A question that always seems to plague newer filmmakers is whether they are ready to make a feature. Maybe you've made a few shorts, maybe you've written a full-length script that's done well in competitions, but are you ready to make the leap to feature films?

The answer is no.

And also, so what?

Preparation and study is obviously invaluable to making a good first feature. You should, of course, know your craft as a writer or director, have an understanding of how a set works, and have the mental and physical stamina to be able to survive very long days at work. Workshops, film school, shooting shorts with your friends, and volunteering to work on sets can give you all of this experience.

But even after completing all of that, you may still feel woefully under-prepared to handle the scope and schedule of a feature. I'm here to tell you: that's fine. In fact, that's normal.
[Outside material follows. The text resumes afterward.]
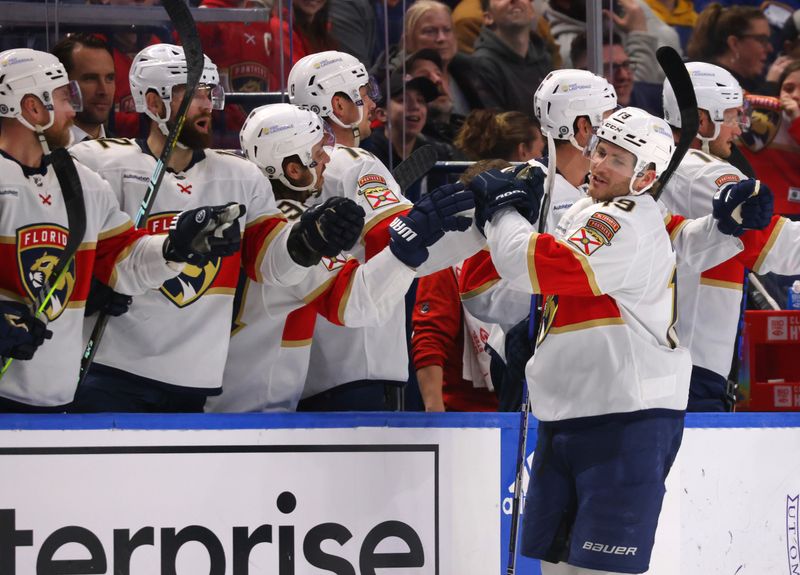 Feb 15, 2024; Buffalo, New York, USA;  Florida Panthers left wing Matthew Tkachuk (19) celebrates his goal with teammates during the second period against the Buffalo Sabres at KeyBank Center. Mandatory Credit: Timothy T. Ludwig-USA TODAY Sports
You aren't ready. Make your movie.

In my own personal experience, I found as I got further and further into the process of making my first feature, What Lies West, the more overwhelmed I was by the things I didn't even know I had to know. Yes, I had been writing scripts for more than a decade and felt comfortable with that aspect, and yes, I had acted and directed theater in college, so I felt able to communicate with my actors in ways they understood, but the deep water of running a set and managing post-production certainly felt over my head.

Even with a film school education and years of training, what did I know about how to negotiate locations, deal with cranky or disruptive locals, or handle a 14-hour workday on two hours of sleep? What did I know about music rights, or color correction, or how big the text needs to be on an insert of a phone for someone sitting in a theater to read it?

The hard truth of filmmaking is you aren't going to feel ready, even with extensive training. And that's because you're not. Watching films is a passive activity, but making films is much more akin to a theater performance. It’s a kind of art that only lives in the doing, which means if you want to get better at it, you simply have to do it.  If you wanted to be a painter, you could read all the books and watch all the tutorials you want, but there still comes a moment when you have to put brush to canvas, and in that moment, you learn how much you don't know about what you're doing. It’s an inevitable part of the experience of turning theory into craft, and one to approach with gusto, not fear.

If you're experiencing the “not ready” panic, it's a good time to sit down and look at what directors you admire have to say about their own first films.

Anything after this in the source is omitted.